Obviously this would be more of a shift in our conventions than registering google-* or jupyter-*, but on the plus side:

• It’s a pattern already familiar in many other ecosystems (Java packages, apps on Android, Mac & many modern Linux apps), so we’re not starting from scratch.
• Domain names are exclusive, whereas trademarks can overlap.
• This could allow for automated or semi-automated registration of a prefix, based on setting up a particular DNS entry or static file on the domain you own, potentially reducing the load on PyPI admins, who everyone agrees are overloaded.
• These are already valid package names, so it shouldn’t need major changes in tooling.
• But they’re not commonly used, so the issue of pre-existing packages conflicting with a restricted namespace is smaller (albeit not totally gone).

I don’t like this proposal (PEP 755 in particular, and PEP 752 in general as well). At first I thought it was clever and I could recognize both good intentions and easy implementation (of PEP 752). But the policy aspects were raising some flags, I was not sure of the color yet. Now I know the flags are at least reddish. Why? I think because it is changing long-established rules. The rule was simple: first arrived, first served. Just like on basically any other online service. Now I do not understand exactly what the rules would be but they don’t seem fair. For example I can’t help but think of “nail houses”. I have not digested the whole implications of this proposal yet, and I hope I am wrong but it does not give me warm fuzzy feelings. Let’s see… : )
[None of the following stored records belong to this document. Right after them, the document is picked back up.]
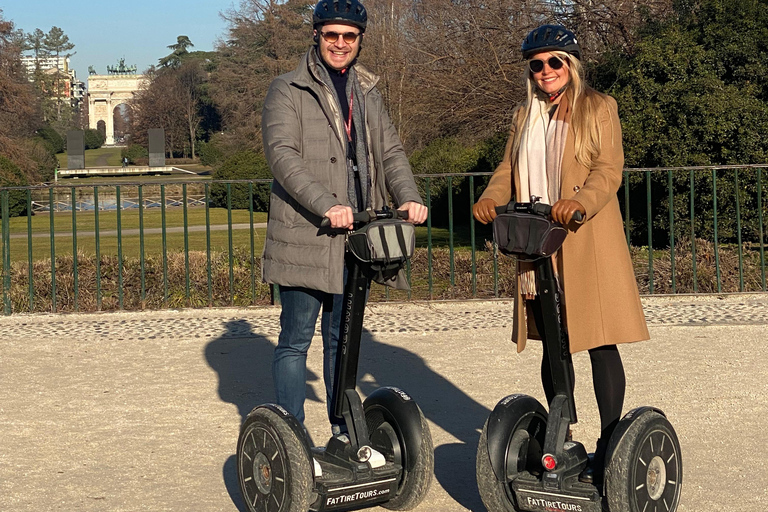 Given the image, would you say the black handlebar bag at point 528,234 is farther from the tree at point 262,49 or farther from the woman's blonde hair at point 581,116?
the tree at point 262,49

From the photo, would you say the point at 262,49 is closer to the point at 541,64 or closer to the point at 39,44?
the point at 541,64

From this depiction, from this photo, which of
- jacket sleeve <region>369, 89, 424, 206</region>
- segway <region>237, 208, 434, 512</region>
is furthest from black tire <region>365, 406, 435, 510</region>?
jacket sleeve <region>369, 89, 424, 206</region>

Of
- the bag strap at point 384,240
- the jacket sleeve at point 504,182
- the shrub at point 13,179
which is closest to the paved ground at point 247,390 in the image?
the bag strap at point 384,240

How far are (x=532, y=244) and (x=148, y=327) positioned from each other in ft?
16.6

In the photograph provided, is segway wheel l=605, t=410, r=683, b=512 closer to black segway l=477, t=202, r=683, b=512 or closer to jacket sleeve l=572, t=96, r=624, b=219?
black segway l=477, t=202, r=683, b=512

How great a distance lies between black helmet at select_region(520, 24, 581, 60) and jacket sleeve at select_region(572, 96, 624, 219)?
→ 8.2 inches

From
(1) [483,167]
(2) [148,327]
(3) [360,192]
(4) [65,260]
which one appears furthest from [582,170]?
(1) [483,167]

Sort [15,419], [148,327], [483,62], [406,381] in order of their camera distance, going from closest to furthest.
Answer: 1. [15,419]
2. [406,381]
3. [148,327]
4. [483,62]

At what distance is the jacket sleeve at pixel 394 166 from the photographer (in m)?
3.90

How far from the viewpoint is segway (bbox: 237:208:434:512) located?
347cm

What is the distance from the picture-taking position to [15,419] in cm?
518

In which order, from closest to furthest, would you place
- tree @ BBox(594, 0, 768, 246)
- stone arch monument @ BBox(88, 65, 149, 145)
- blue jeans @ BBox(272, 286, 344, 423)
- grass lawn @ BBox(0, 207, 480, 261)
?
blue jeans @ BBox(272, 286, 344, 423) → tree @ BBox(594, 0, 768, 246) → grass lawn @ BBox(0, 207, 480, 261) → stone arch monument @ BBox(88, 65, 149, 145)

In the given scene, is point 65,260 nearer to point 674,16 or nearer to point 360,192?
point 360,192

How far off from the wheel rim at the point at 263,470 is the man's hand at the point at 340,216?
726mm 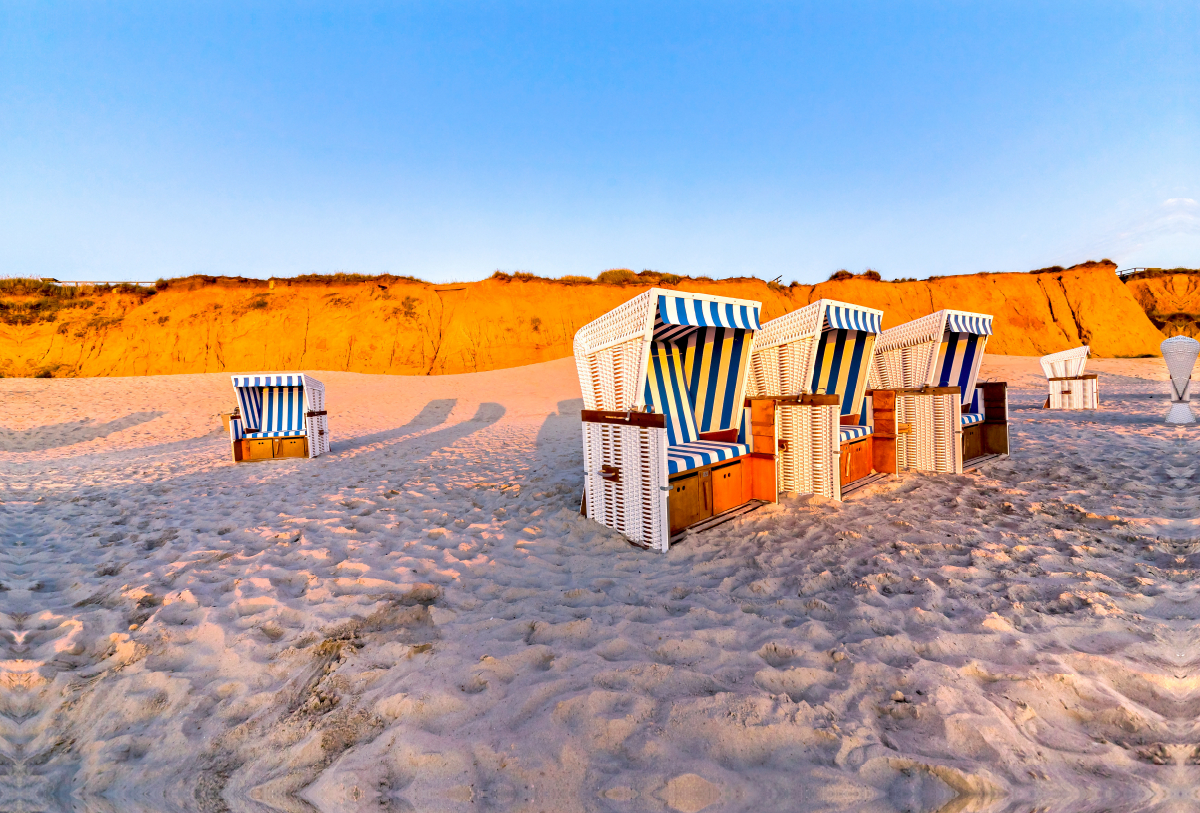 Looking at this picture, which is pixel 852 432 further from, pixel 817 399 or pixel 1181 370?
pixel 1181 370

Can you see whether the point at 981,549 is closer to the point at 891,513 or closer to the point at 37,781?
the point at 891,513

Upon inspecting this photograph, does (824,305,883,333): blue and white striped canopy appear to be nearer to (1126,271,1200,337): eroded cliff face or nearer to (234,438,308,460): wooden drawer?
(234,438,308,460): wooden drawer

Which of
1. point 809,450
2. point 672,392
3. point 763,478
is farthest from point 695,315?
point 809,450

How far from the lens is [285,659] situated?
250 cm

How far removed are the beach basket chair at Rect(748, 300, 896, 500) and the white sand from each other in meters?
0.59

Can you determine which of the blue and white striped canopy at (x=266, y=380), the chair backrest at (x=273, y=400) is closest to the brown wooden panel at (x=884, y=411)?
the chair backrest at (x=273, y=400)

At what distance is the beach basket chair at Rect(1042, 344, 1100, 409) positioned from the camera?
11.7 m

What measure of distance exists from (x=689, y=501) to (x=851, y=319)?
121 inches


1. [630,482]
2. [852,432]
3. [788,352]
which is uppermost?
[788,352]

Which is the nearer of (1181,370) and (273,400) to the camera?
(1181,370)

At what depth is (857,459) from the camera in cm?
621

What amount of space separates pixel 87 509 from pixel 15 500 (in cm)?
154

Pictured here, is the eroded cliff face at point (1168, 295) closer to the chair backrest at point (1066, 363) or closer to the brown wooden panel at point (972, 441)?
the chair backrest at point (1066, 363)

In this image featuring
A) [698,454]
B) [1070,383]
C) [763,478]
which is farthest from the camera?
[1070,383] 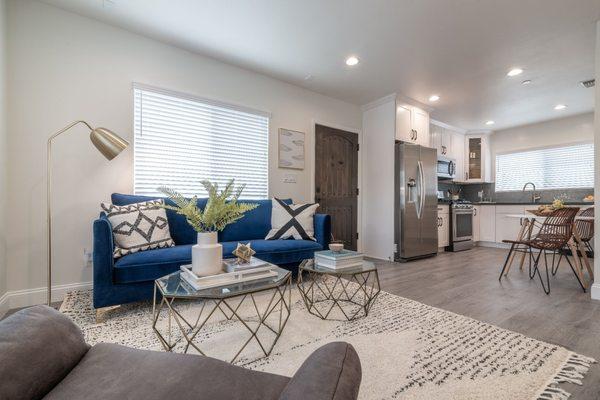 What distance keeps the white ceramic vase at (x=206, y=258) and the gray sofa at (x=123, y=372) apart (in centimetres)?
69

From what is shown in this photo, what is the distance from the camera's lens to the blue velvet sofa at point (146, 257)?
1.90m

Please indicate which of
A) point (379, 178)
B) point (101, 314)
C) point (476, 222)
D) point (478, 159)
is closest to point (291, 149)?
point (379, 178)

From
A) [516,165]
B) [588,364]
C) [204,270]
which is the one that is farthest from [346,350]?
[516,165]

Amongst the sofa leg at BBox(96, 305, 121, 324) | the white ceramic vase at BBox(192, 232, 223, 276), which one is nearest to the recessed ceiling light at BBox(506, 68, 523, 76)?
the white ceramic vase at BBox(192, 232, 223, 276)

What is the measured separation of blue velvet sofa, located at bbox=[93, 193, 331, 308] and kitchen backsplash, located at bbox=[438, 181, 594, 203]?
4.69m

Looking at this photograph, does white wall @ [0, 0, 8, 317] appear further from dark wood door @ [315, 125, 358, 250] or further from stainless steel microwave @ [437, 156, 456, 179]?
stainless steel microwave @ [437, 156, 456, 179]

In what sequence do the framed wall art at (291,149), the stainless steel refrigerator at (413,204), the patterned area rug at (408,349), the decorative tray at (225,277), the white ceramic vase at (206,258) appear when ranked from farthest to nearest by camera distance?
the stainless steel refrigerator at (413,204) → the framed wall art at (291,149) → the white ceramic vase at (206,258) → the decorative tray at (225,277) → the patterned area rug at (408,349)

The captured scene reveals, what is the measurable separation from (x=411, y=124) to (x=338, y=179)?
1481 mm

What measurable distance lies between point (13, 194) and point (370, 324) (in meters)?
3.05

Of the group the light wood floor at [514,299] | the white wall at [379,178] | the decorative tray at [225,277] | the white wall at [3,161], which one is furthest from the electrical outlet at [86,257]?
the white wall at [379,178]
I’m going to address individual points later tonight but I would encourage those who dislike the idea to consider the motivation and offer alternatives that cause as minimal ecosystem disruption as the current proposal, besides doing nothing

Normally, I would agree with this, but here there is obviously money involved, so: “no”. ; )

Feels like the ecosystem is fine to me. It seems to me like it is mostly companies that are uneasy with the current state of things. Maybe I am wrong. I think this proposal could use more references to actual complaints from the community (corporate or not) that this change is necessary.

So I should just enumerate a bunch of examples in the appendix like this? Manage projects with namespaces · Issue #2589 · pypi/warehouse · GitHub

My 0.02c as a community member: I think the security benefits of package namespacing tend to be (slightly) overstated. At the same time, I think namespacing is a good idea for Python packaging: on the most basic level doing implicit namespacing preps us to eventually do explicit namespacing, which in turn:

1. Frees up the overall flat namespace and eliminates the “economics” of obtaining a catchy/memorable name (as well as the incentive to mass-squat packages, like @ofek just mentioned)
2. Reduces the administrative burden on PyPI to administrate the namespace and perform routine ownership transfers via PEP 541

These two reasons alone are (IMO) more than sufficient justification to pursue both implementation and policy PEPs for index namespacing.

(I’m paid to work on Python packaging, but I have no financial interest in these PEPs or in namespacing more generally.)